The government argues that Mr. Garza’s refusal to respond and forceful closure of the bathroom door was “suspicious, evasive, and arguably threatening,” such that, combined with the other facts known at the time, the officers had a reasonable belief that Mr. Garza and Ms. Ambris were involved in criminal activity, namely distribution of narcotics. Aplee. Br. at 18. Because drug distribution is “likely to involve the use of weapons,” cf. Terry v. Ohio, 392 U.S. 1, 28, 88 S.Ct. 1868, 20 L.Ed.2d 889 (1968) (determining that a robbery is likely to involve weapons), the government argues that the officers had a reasonable basis to fear for their safety. Aplee. Br. at 19.

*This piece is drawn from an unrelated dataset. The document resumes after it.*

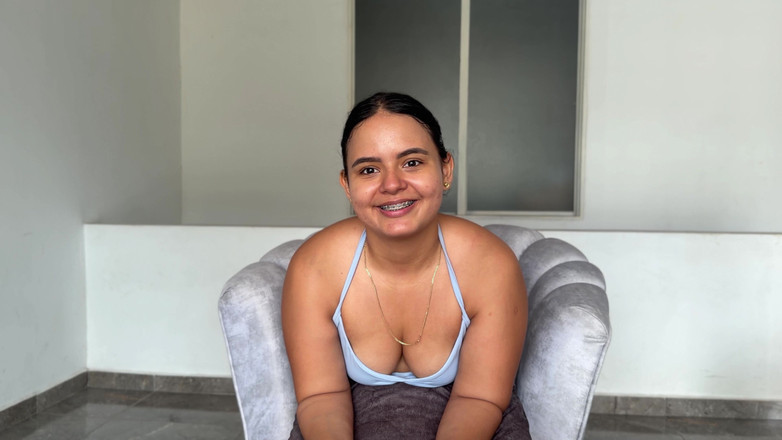 MaRaSexx: Thử thách sữa Thicc Latina Stepsister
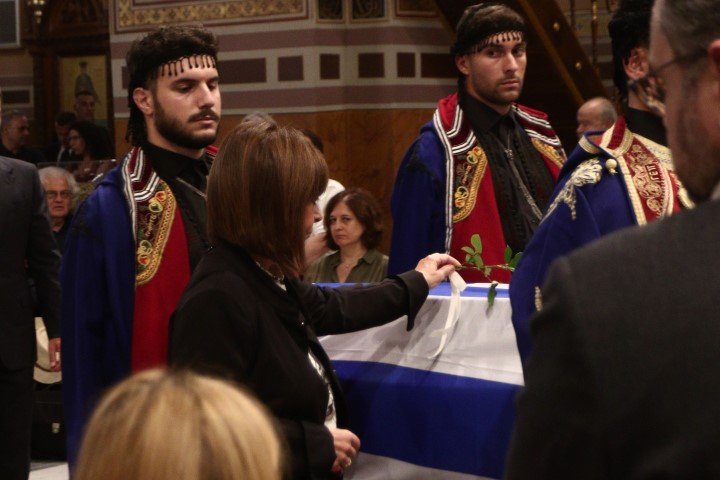 Η ΠτΔ Κατερίνα Σακελλαροπούλου αφήνει ένα λουλούδι στο φέρετρο του Γιάννη Μαρκόπουλου / Φωτογραφία: ΧΡΗΣΤΟΣ ΜΠΟΝΗΣ/ΑΡΧΙΕΠΙΣΚΟΠΗ ΑΘΗΝΩΝ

We are not persuaded. As previously discussed, Ms. Ambris freely consented to the officers’ entry, thus exhibiting a willingness to cooperate. Once in the room, the officers did not smell drugs or hear running water, which might indicate the possible disposal of narcotics. II R. at 33, 83. Because Mr. Garza had no obligation to respond to the officers, the government’s argument that Mr. Garza’s failure to respond created a safety threat sufficient to allow a protective sweep carries little weight. In short, the government’s *933theory simply is not linked to specific evidence that would support it as to this defendant—the increased foot traffic, the phone calls, the reputation of the neighborhood, the local customer paying for a room in cash, and the male occupant of the room shutting the bathroom door (perhaps to use the facilities) do not add up to a “reasonable belief’ that the bathroom “harbored an individual posing a danger to the officer or others.” Buie, 494 U.S. at 327.

REVERSED.

This order and judgment is not binding precedent, except under the doctrines of law of the case, res judicata, and collateral estoppel. This court generally disfavors the citation of orders and judgments; nevertheless, an order and judgment may be cited under the terms and conditions of 10th Cir. R. 36.3.

. Ms. Ambris apparently used the surname "Reyes” on the date of the incident.